Ryan knew that as an investigating detective with the Tulsa PD, even if he was questioning his own sister, because he was doing it in reference to a current active case he was working on, it was in everyone’s best interest to keep things businesslike and official. Among other things, that meant that he should be making this call from the phone on his desk at the precinct, not from his personal cell phone while he was sitting in his car.

He supposed that he could argue that he was doing it for the quiet, because the precinct was usually almost too noisy to allow anyone to hear themselves think. But the truth of the matter was that his real reason for making the call from inside his vehicle was that he didn’t want to be overheard.

It was bad enough that he had to ask his sister painful, probing questions like this without having everyone within a ten-foot radius hearing him asking. He was a Colton. One of the Coltons. The family that had, through absolutely no fault of their own, their very own serial killer in their family tree, thanks to his father’s brother, Matthew.

Granted, it all had happened a long time ago and his uncle had been locked away in prison for a while now, but he was well aware of the fact that people loved to point an accusing finger and watch people of prominence come tumbling down. They loved watching their fallen-from-grace sinners every bit as much as they loved cheering on their saints and heroes.

Sometimes even more so.

He wanted no part in supplying those people with any sort of ammunition, especially if there did actually turn out to be a reasonable excuse for all this.

He supposed a tiny part of him hadn’t turned cynical yet and still believed in miracles.

So he sat in his vehicle, trying not to notice how stuffy it seemed with the windows rolled up and his doors locked, and he called his sister’s number.

After a short delay, he heard the cell phone start to ring.
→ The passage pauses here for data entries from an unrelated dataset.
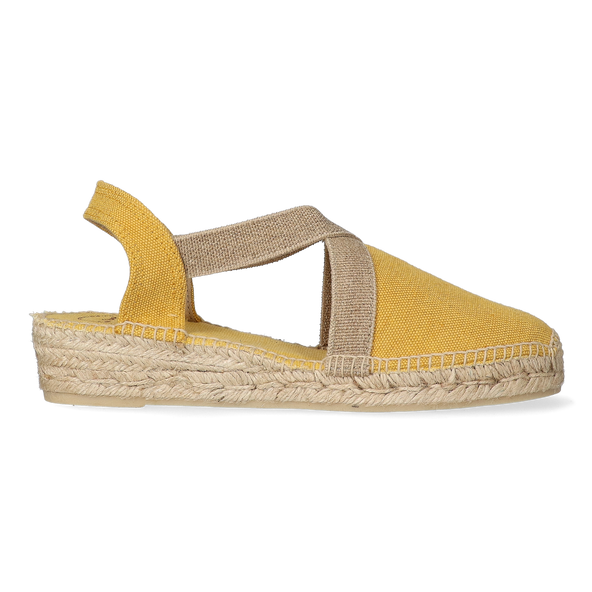 Verdi-V Canvas Dames Espadrilles Croc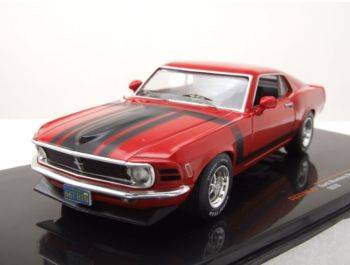IXOCLC476N.22 - 1970 FORD mustang boss 302 rosso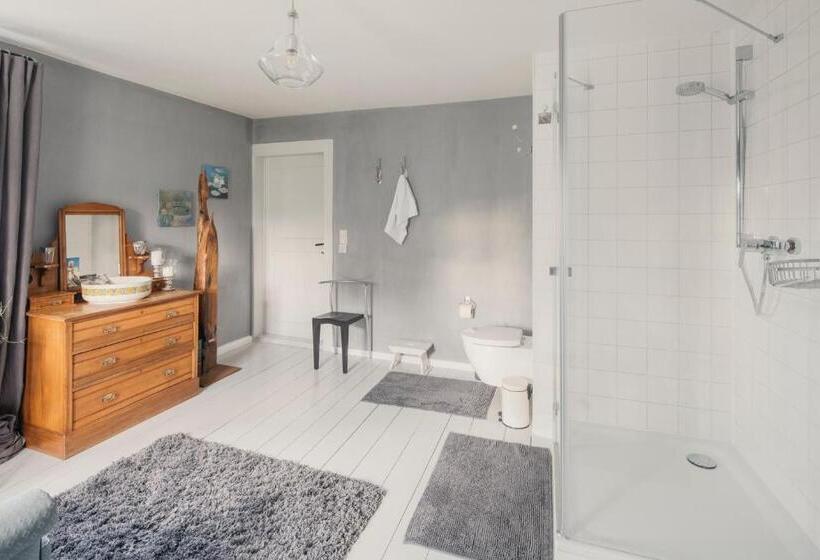 Номер Стандарт Совместная Ванная, Charlottes Pfarrgarten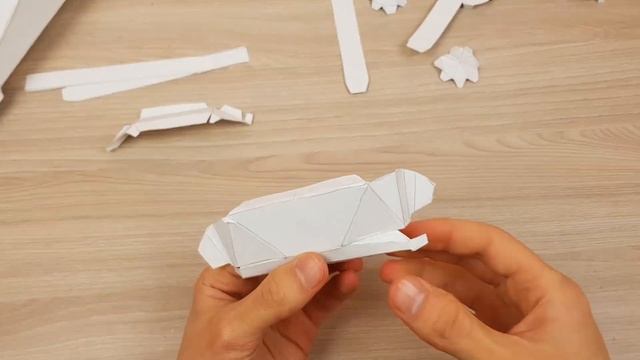 How to Make Tesla Cybertruck from Cardboard Simple - Free Templates смотреть онлайн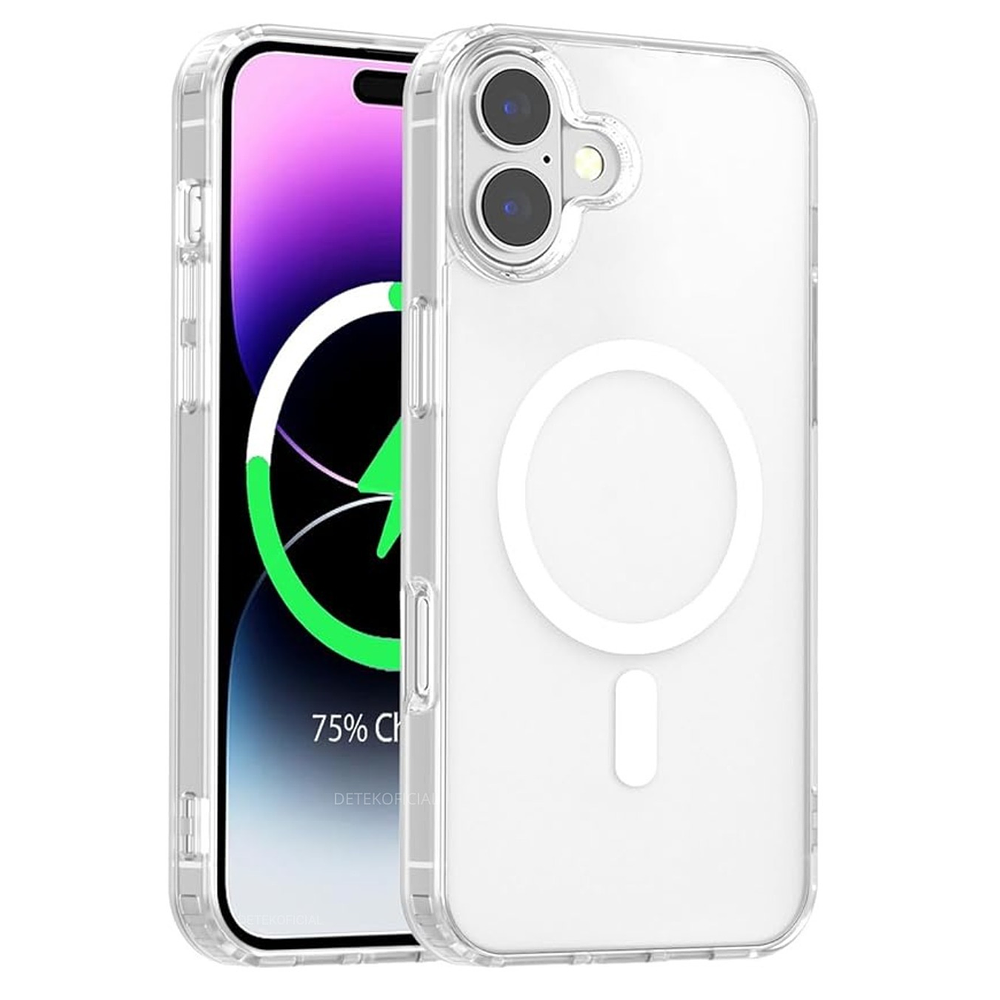 Carcasa Magnética Magsafe Para iPhone 17 
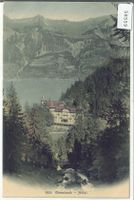 Giessbach - Hotel - coloriert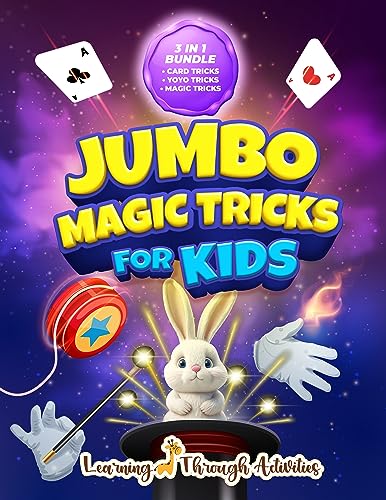 Jumbo Magic Tricks for Kids — Value Edition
Waiting for Greta to answer her phone, Ryan counted off the number of times her cell rang. After four, her voice mail kicked in. Impatient, he was about to terminate the call and try again in a couple of minutes when he heard Greta’s breathless voice as she came on the line.

“Hello?”

Rather than relax, he felt his shoulders stiffen. “Greta? It’s me. Ryan.”

“Hi.” And then he heard her ask guardedly, “What’s up?”
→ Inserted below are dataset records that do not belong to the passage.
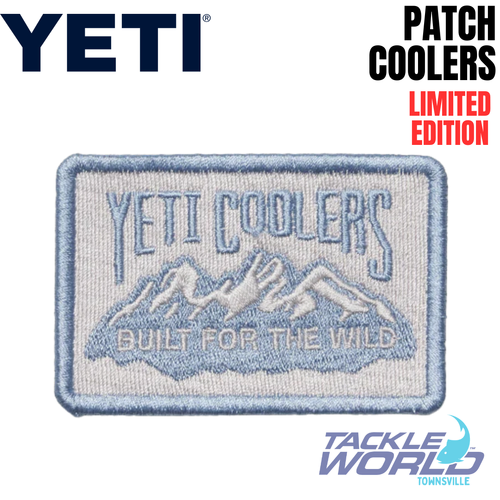 Yeti Patch Coolers Natural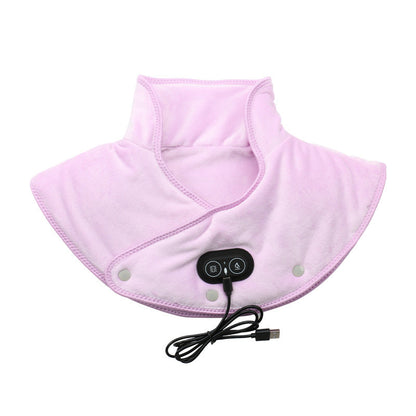 VierraSol | Almohadilla eléctrica para el cuello y los hombros con vibración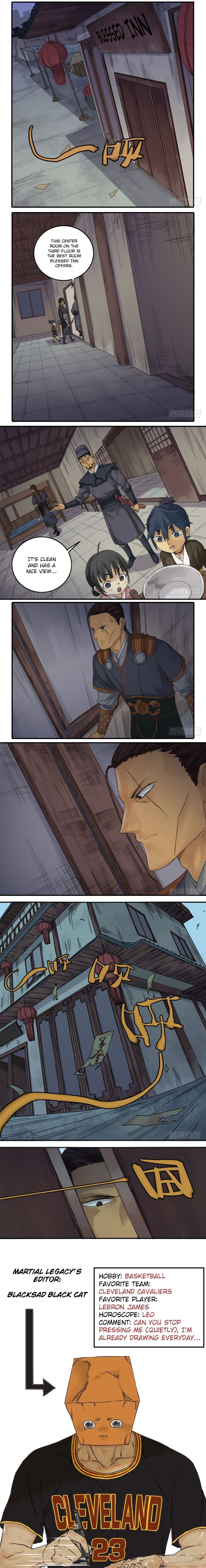 Martial Legacy Chapter 31 - page 5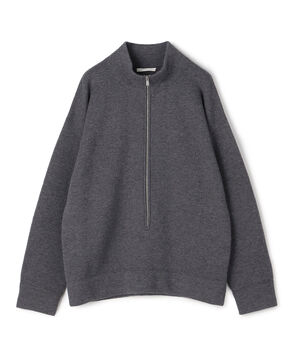 バックパイル ハーフジッププルオーバー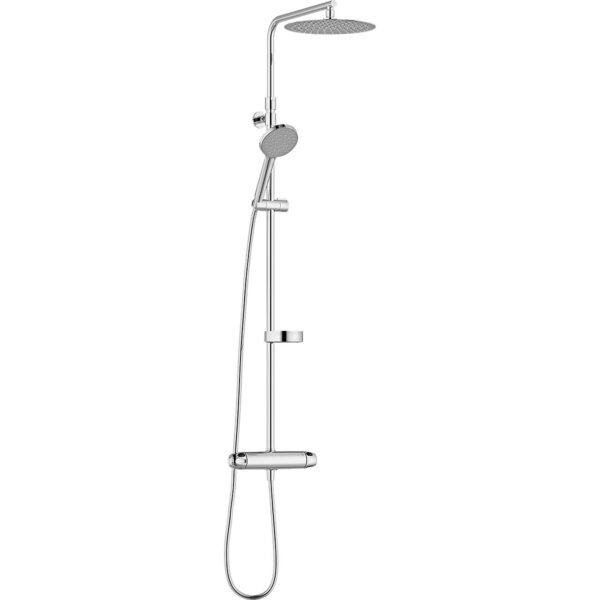 FM Mattsson Takdusjpakke 9000XE krom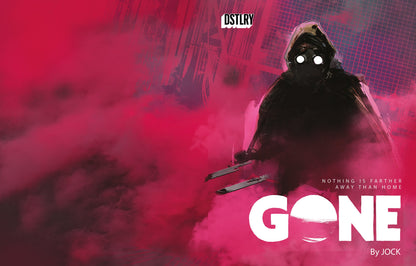 Gone #3 (Of 3) A Jock (05/08/2024) Dstlry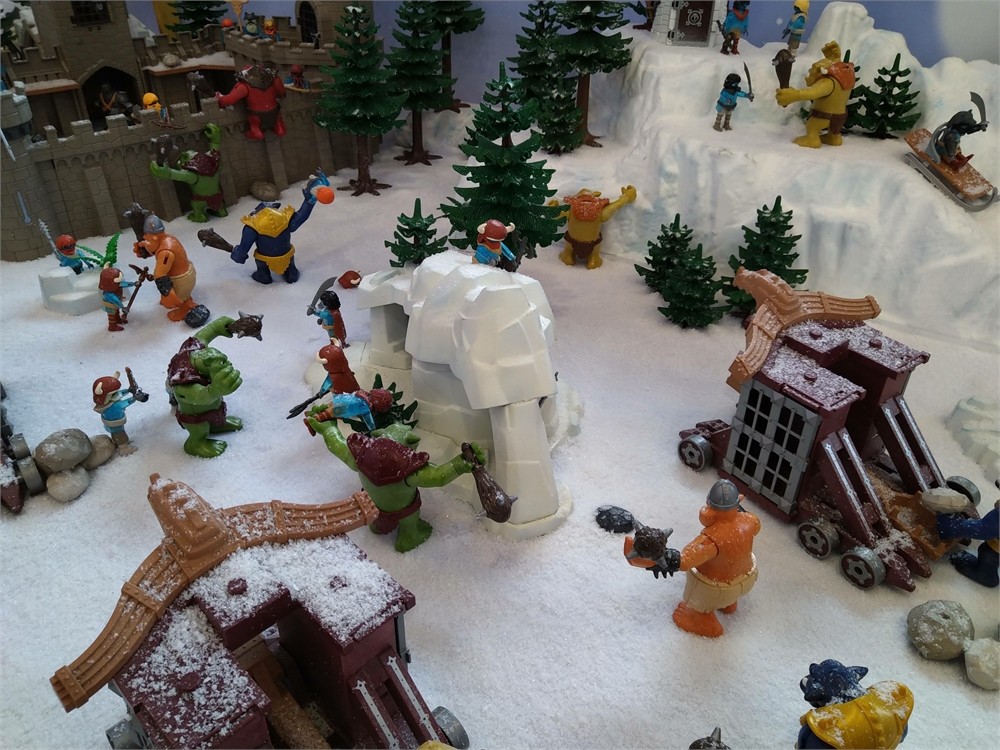 Contes et Légendes en Playmobil à Saint-Brévin-Les-Pins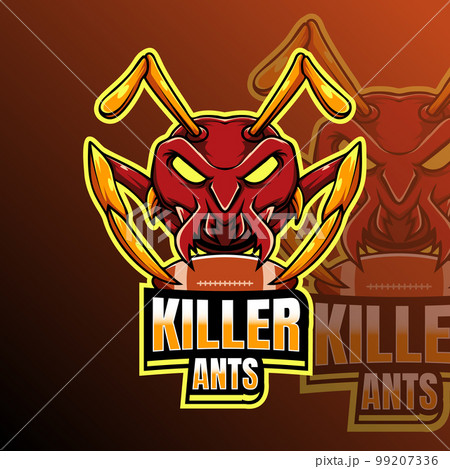 Killer Ants Logo Team Badge Killer Ants Logo Team Badge 99207336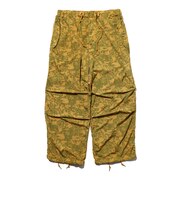 MIL Over Pants Camo Print Garment Dye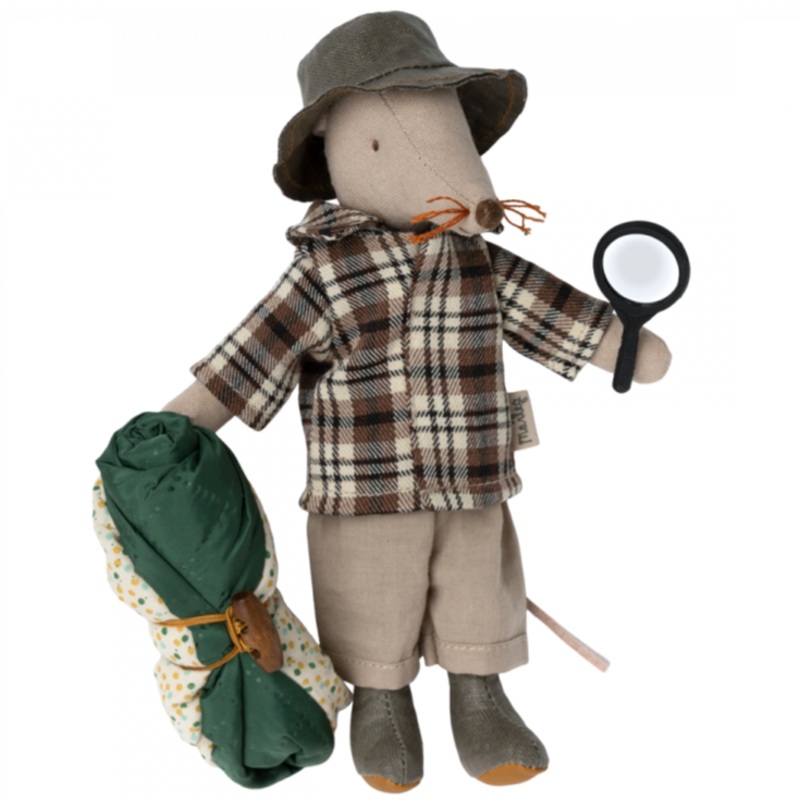 Wildlife Guide Mouse by Maileg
Was that just his imagination—or her guilty conscience stepping up? “I’m coming up to the ranch to see you.”

He heard her laugh softly. “Well, you can come up to the ranch, but you won’t see me.”

Was he tipping her off with this call? Was she planning on taking off? He needed more to work with. “Why?” he asked.

“Why do you think?” Not waiting for him to respond, she gave him the answer to her own question. “Because I’m not at the ranch. I’m not in Tulsa at all. I’m back in Oklahoma City.”

Ryan frowned to himself. Ever since Greta had gotten engaged, she’d spent more and more of her time in Oklahoma City, where her fiancé lived. She’d even taken on horse training jobs there.

“I thought you’d stick around the ranch for a while, you know, because of Mother.”

There was silence on the other end of the line and for a moment, he thought that the call had been dropped. But then Greta said, “Yes, well, I wasn’t really doing her any good just hanging around the house. Especially since she kept looking at me as if she was afraid of me. As if she thought I was going to do something to her. I don’t know what’s with that,” Greta complained, sounding as if she was at a complete loss.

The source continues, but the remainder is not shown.